> [TASK DETAILS]:
Leave every picture out, then reproduce the rest of the listing exactly.

========================

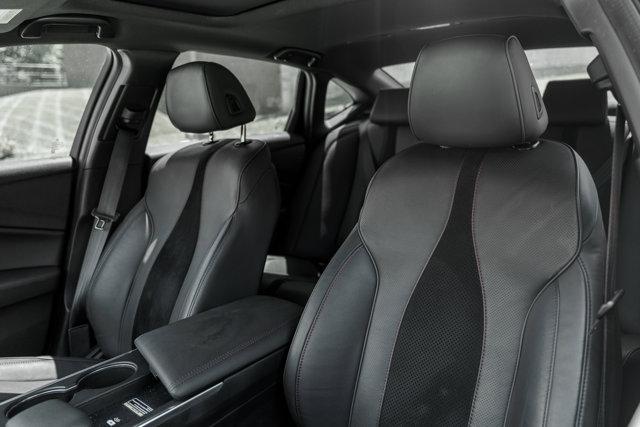 Photo of 2021 Majestic Black Pearl Acura TLX
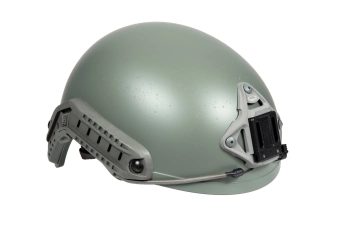 Replika helmy Ballistic Aramid Heavy Version L/XL Foliage Green 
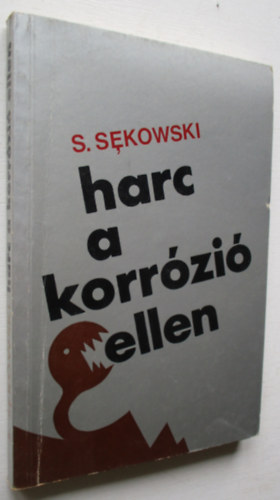 Harc a korrzi ellen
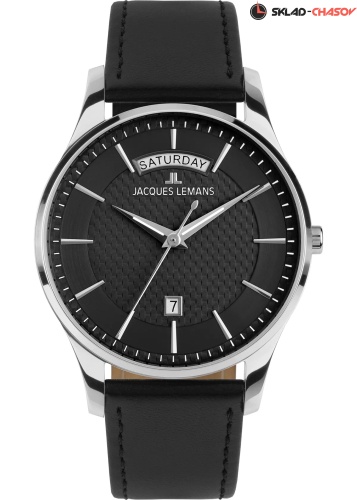 Наручные часы Jacques Lemans 1-2193A фото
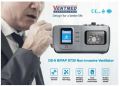 TenTabs Ventmed DS8 BiPAP with CiPAP ST30 with Humidifier With Full Face Mask (Medium). 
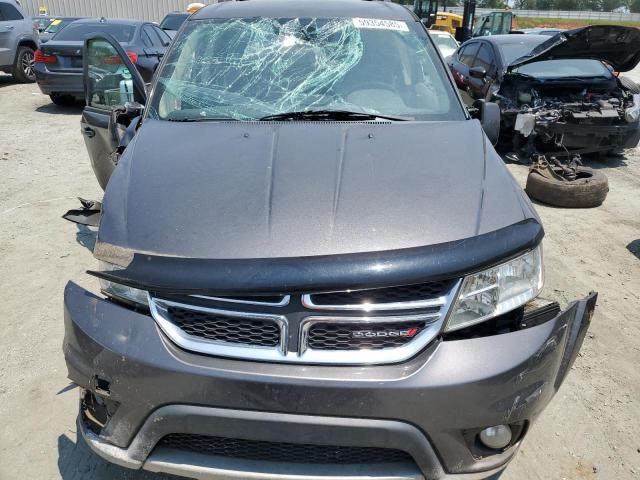 Photo 5 from auction – 2015 DODGE JOURNEY SXT with VIN 3C4PDCBG5FT711297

========================

> [OUTPUT OF THE EXERCISE]:
 Photo of 2021 Majestic Black Pearl Acura TLX
 Replika helmy Ballistic Aramid Heavy Version L/XL Foliage Green 
 Harc a korrzi ellen
 Наручные часы Jacques Lemans 1-2193A фото
 TenTabs Ventmed DS8 BiPAP with CiPAP ST30 with Humidifier With Full Face Mask (Medium). 
 Photo 5 from auction – 2015 DODGE JOURNEY SXT with VIN 3C4PDCBG5FT711297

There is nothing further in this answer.